Halloween has origins in an ancient Celtic celebration called Samhain. Samhain was to mark the end of summer and harvest before the winter season, a time of year associated with death. On this night, 31st October, the Celts believed the spirits of the dead returned to Earth. The presence of these spirits made it easier for Druids to make predictions about the future.
During the celebrations, the Celts would dress up, usually wearing animal skins, and make sacrifices to the Celtic deities in a big bonfire built by the Druids.
This now secular festival has roots in remembering the dead, like many other cultures around the world. The Romans had a celebration called Feralia and in Latin America La Dia de Los Muertos honours deceased loved ones.

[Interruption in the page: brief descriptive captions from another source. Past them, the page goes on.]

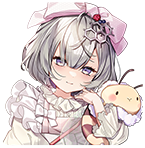 ベルギーワッフル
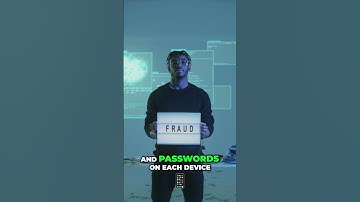 Top 3 Tips to Secure Your IoT Devices Fast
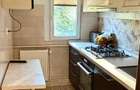 Apartament 2 camere Mobilat si echipat, gata de mutare! - 12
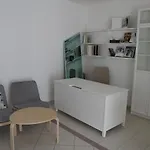 Hotel Aurora Nord *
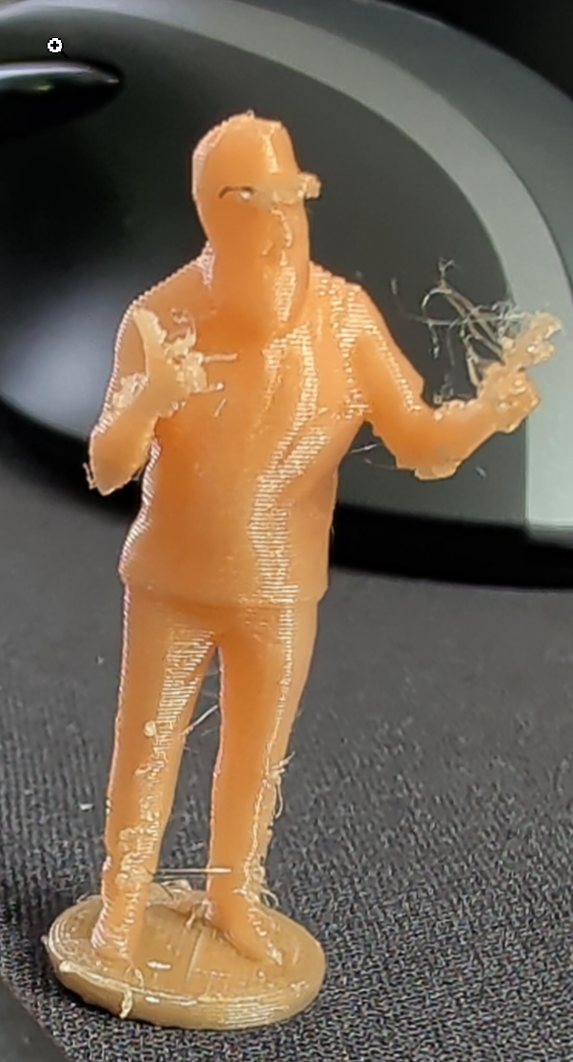 Column 150260 afbeelding 1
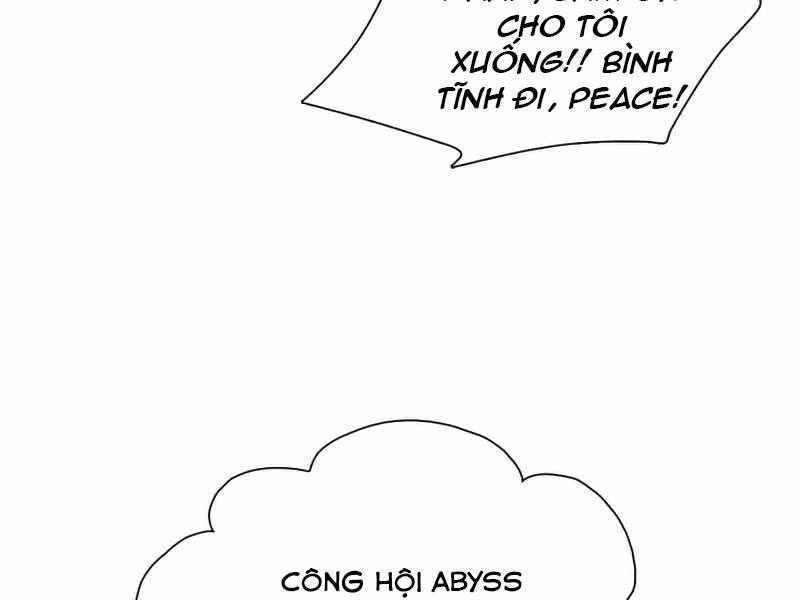 Những Ranker Cấp S Mà Tôi Nuôi Dưỡng Chapter 31 - 107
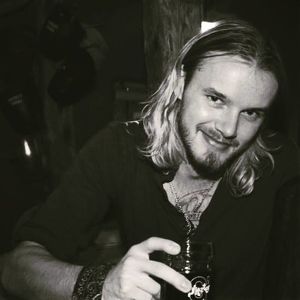 Frauen zwischen 20-35 gesucht!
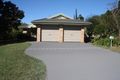 Property photo of 10 Fortitude Place Boambee East NSW 2452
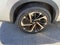 2022 Mitsubishi Outlander Base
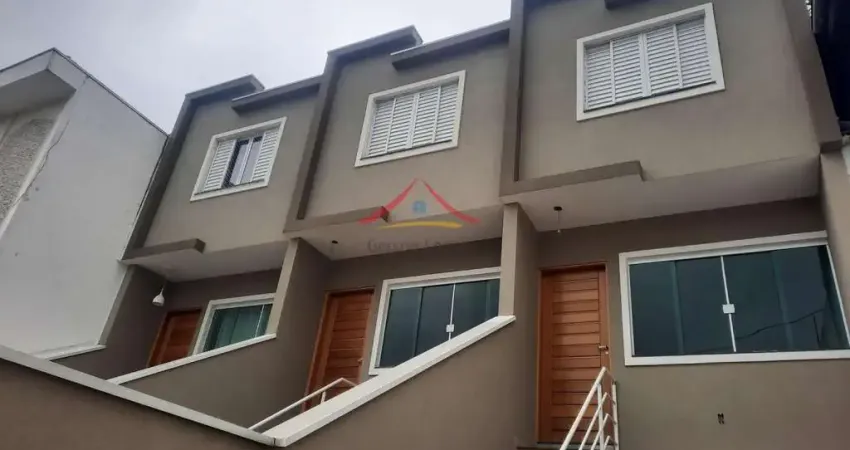 Sobrado para venda em são paulo, freguesia do ó, 2 dormitórios, 2 banheiros, 2 vagas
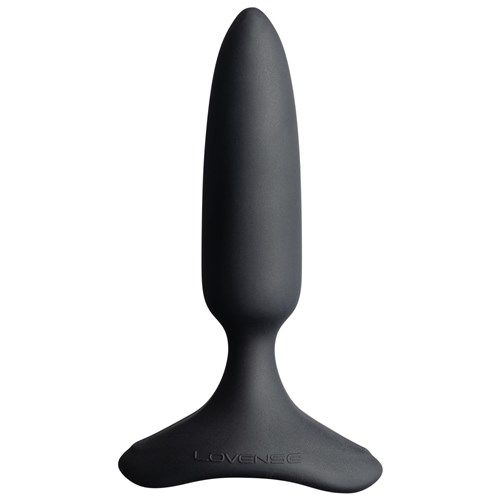 16 Best Butt Plugs of 2024 Tested and Reviewed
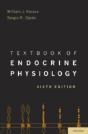 Textbook Of Endocrine Physiology - Preview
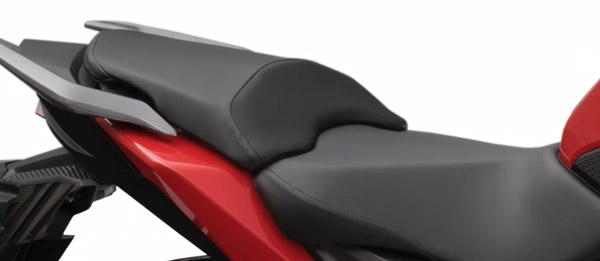 होंडा की नई एनएक्स200 एडवेंचर बाइक 19 अगस्त को होगी लॉन्च, जानें क्या मिलने वाला है खास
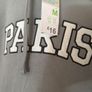 hoodie Image 3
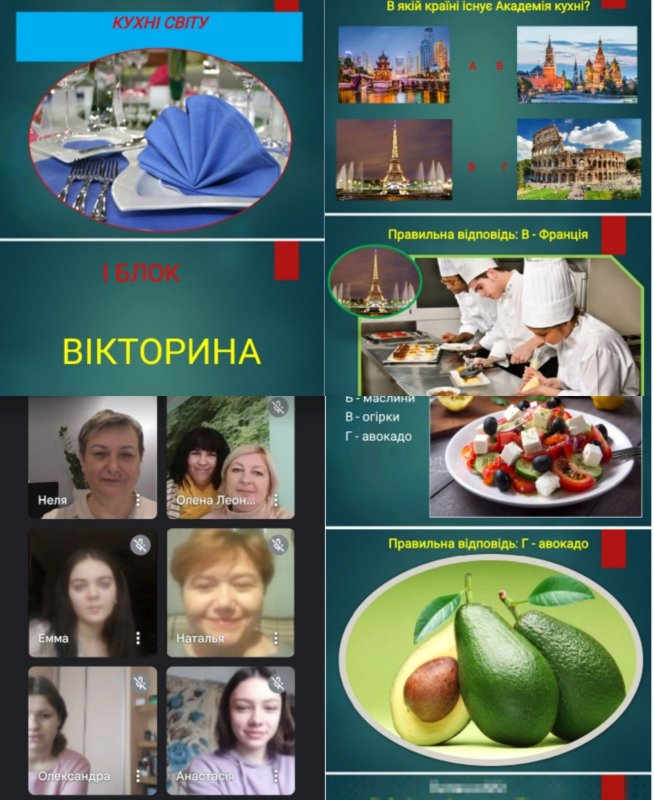 IMG7624eb7c43b178bac3ec1a06587a7112V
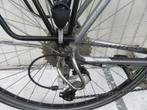 Koga Traveller, sterke vakantiefiets, Deore LX v282, Ophalen, 28 inch, Gebruikt, 57 tot 61 cm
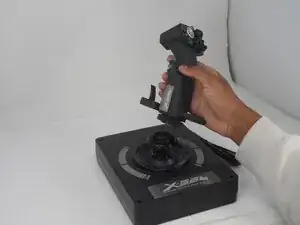 dhMNKSBLfapTv6gx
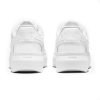 DM0113-100, Nike Court Vision Alta Branco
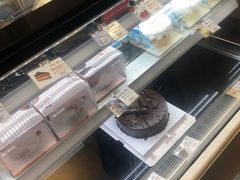 -津乐园(中山路店)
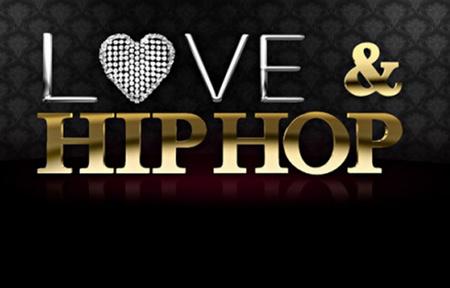 Love & Hop Hop Atlanta confirmed by VH1 !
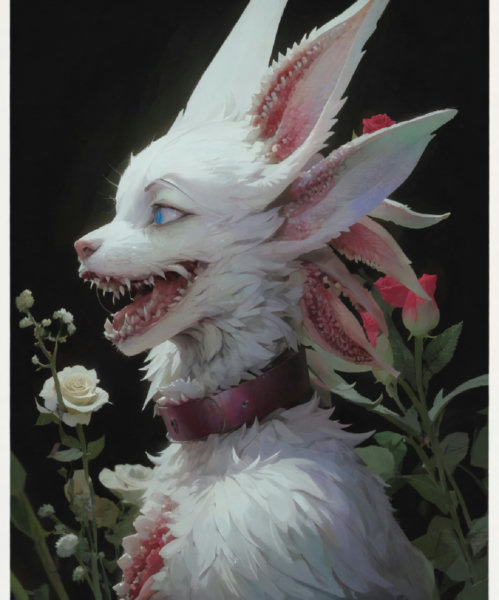 Abomination - v1.0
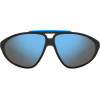 Polaroid Sunglasses Unisex (Lens/Bridge/Temple) 62/17/140 mm) - (PLD2151S0VKG2)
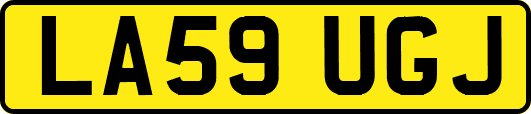 LA59UGJ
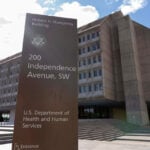 Federal survey shows promising trends for youth mental health and drug use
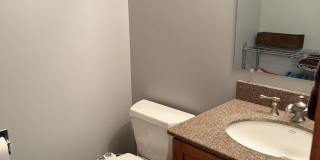 8361 E VIA DE ENCANTO -- Gallery 13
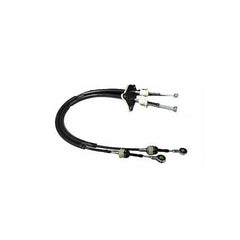 Fiorino Vites Teli 2007-2022 Srk 51783601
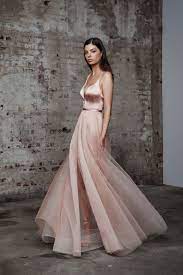 Lexi Clothing Australia All Clothing Including Dresses Skirts Pants Tops And Jackets Available In Our Online Stor Beautiful Dresses Dresses Gorgeous Gowns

In this country, Halloween is usually an event where friends and family get together to have a party or attend local events.
Where you can celebrate the Pumpkin locally?
You can buy locally grown pumpkins from North East Organic Growers or source from local farm shops such as The Green Shop in Berwick-upon-Tweed. Julian’s Veg at Kelso Garden Centre is also a good place to source local veg. Oxford Farm Shop also have pumpkins at their tea room.
You can also buy WhitMuir Squash from Whitmuir Farm in West Linton.
Pumpkin can be enjoyed in so many ways.
Why not make pumpkin soup with locally grown sage? Or how about the American classic pumpkin pie? Pumpkin is also delicious roasted and can be enjoyed as part of a warm salad.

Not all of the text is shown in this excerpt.